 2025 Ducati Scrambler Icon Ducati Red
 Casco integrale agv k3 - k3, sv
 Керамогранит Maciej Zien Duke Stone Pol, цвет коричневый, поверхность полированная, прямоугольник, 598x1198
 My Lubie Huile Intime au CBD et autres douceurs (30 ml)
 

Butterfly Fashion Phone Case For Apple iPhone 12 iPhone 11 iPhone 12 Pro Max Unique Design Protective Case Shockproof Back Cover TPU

---

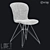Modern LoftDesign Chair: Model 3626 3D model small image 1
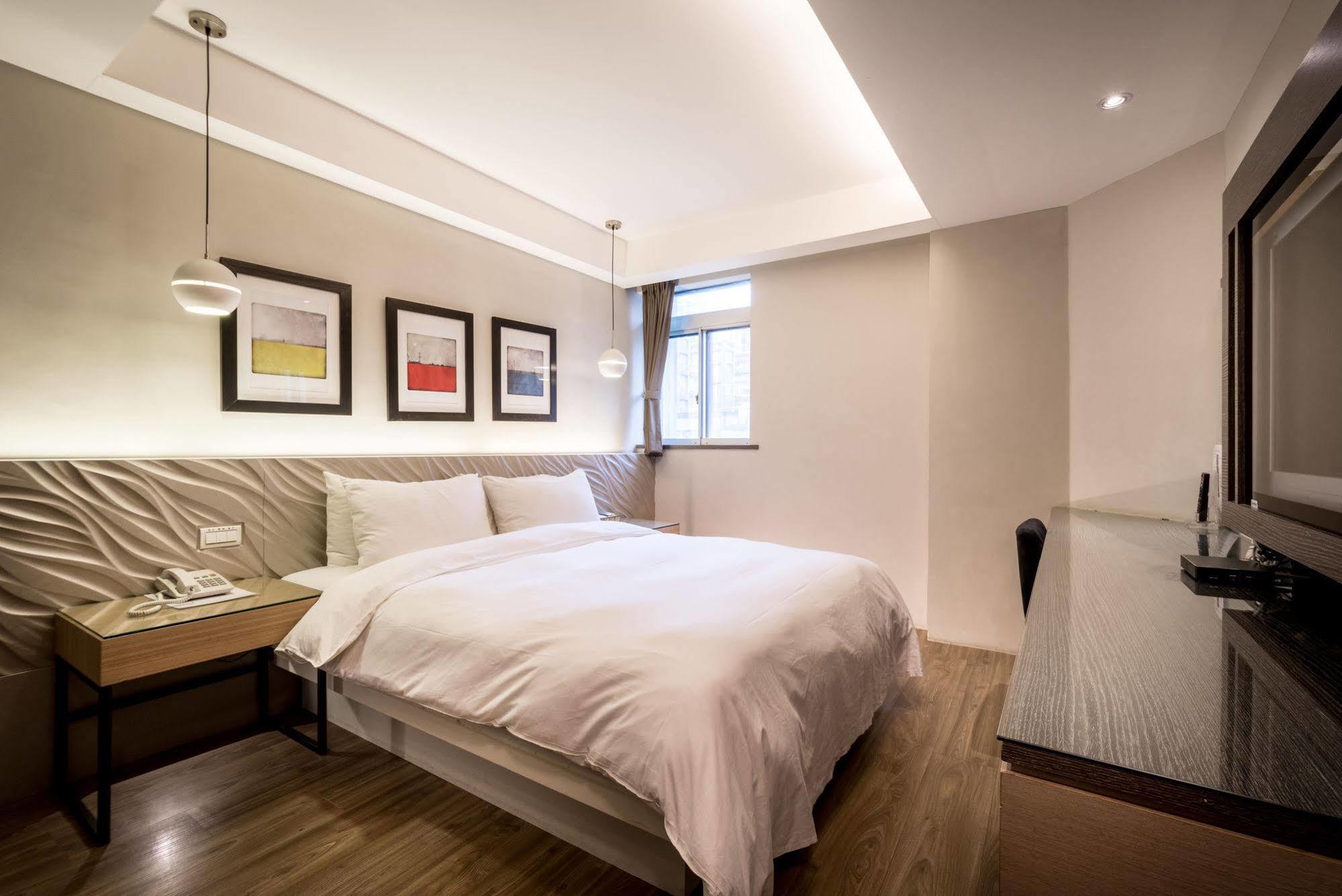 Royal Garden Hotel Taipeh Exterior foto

--

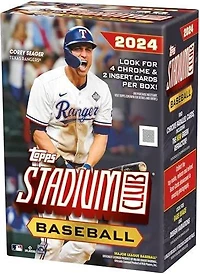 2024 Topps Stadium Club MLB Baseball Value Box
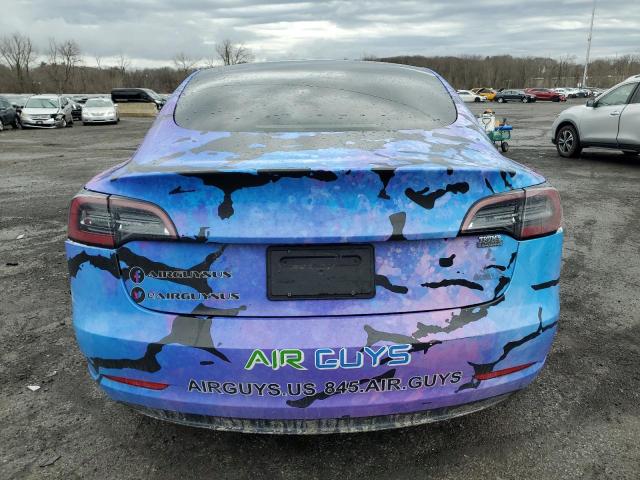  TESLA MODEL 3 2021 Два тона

### YOUR TASK
Beginning with the line that has "2025 Ducati Scrambler Icon Ducati Red" and ending with the line that has "Butterfly Fashion Phone", set down the lines above exactly and include no others.

### ANSWER BOX
 2025 Ducati Scrambler Icon Ducati Red
 Casco integrale agv k3 - k3, sv
 Керамогранит Maciej Zien Duke Stone Pol, цвет коричневый, поверхность полированная, прямоугольник, 598x1198
 My Lubie Huile Intime au CBD et autres douceurs (30 ml)
 

Butterfly Fashion Phone Case For Apple iPhone 12 iPhone 11 iPhone 12 Pro Max Unique Design Protective Case Shockproof Back Cover TPU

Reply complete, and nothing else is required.